Given two sorted integer arrays nums1 and nums2, merge nums2 into nums1 as one sorted array. The number of elements initialized in nums1 and nums2 are m and n respectively. You may assume that nums1 has a size equal to m + n such that it has enough space to hold additional elements from nums2.
Example 1
Input: nums1 = [1,2,3,0,0,0], m = 3, nums2 = [2,5,6], n = 3
Output: [1,2,2,3,5,6]
Example 2
Input: nums1 = [1], m = 1, nums2 = [], n = 0
Output: [1]
Solution 1
Copy nums1 into another list named3. Merge nums2 and nums3 into nums1.

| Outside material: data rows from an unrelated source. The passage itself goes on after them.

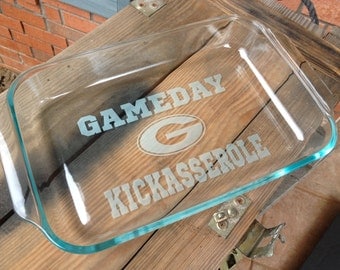 Gameday Kickasserole *Tailgate Dish* Personalized * ANY TEAM *
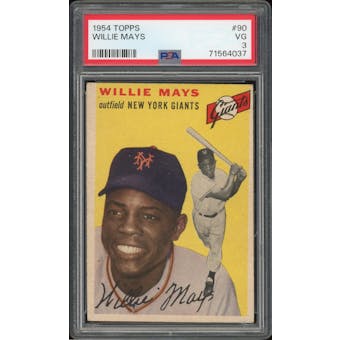 1954 Topps #90 Willie Mays PSA 3 *4037 (Reed Buy)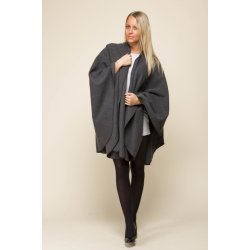 Rundskret sjal. 100% Uld. Design fra Sams. Ensfarvet flaskegrn. Tilbud.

Space complexity is O(M). Time complexity is O(M+N).
class Solution:
def merge(self, nums1: List[int], m: int, nums2: List[int], n: int) -> None:
"""
Do not return anything, modify nums1 in-place instead.
"""
nums3 = [nums1[i] for i in range(m)]
i = 0
j = 0
k = 0
while k < m and j < n:
if nums3[k]<nums2[j]:
nums1[i] = nums3[k]
k = k+1
else:
nums1[i] = nums2[j]
j = j+1
i = i+1
while k==m and j<n:
nums1[i] = nums2[j]
j = j+1
i = i+1
while j==n and k<m:
nums1[i] = nums3[k]
k = k+1
i = i+1
Solution 2
Inspired from a leetcode user post. Uses a backward approach that eliminates the need for an additional temporary array creation.
Space complexity is O(1). Time complexity is O(M+N).

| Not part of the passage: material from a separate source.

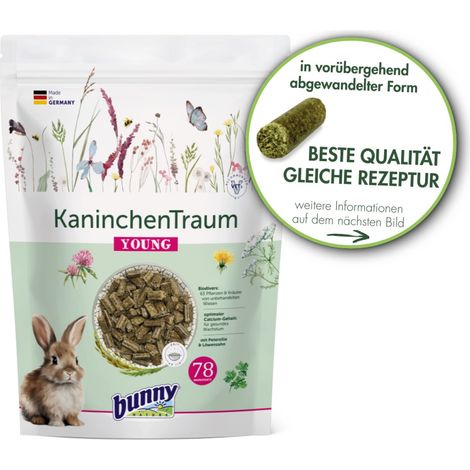 Bunny Nature Nagerfutter Kaninchen Traum Young 600 g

https://leetcode.com/problems/merge-sorted-array/discuss/29522/This-is-my-AC-code-may-help-you
class Solution:
def merge(self, nums1: List[int], m: int, nums2: List[int], n: int) -> None:
"""
Do not return anything, modify nums1 in-place instead.
"""
k = n+m-1
i = m-1
j = n-1
while i>=0 and j>=0:
if nums1[i]>nums2[j]:
nums1[k] = nums1[i]
i = i-1
else:
nums1[k] = nums2[j]
j = j-1
k = k-1
while j>=0:
nums1[k] = nums2[j]
j = j-1
k = k-1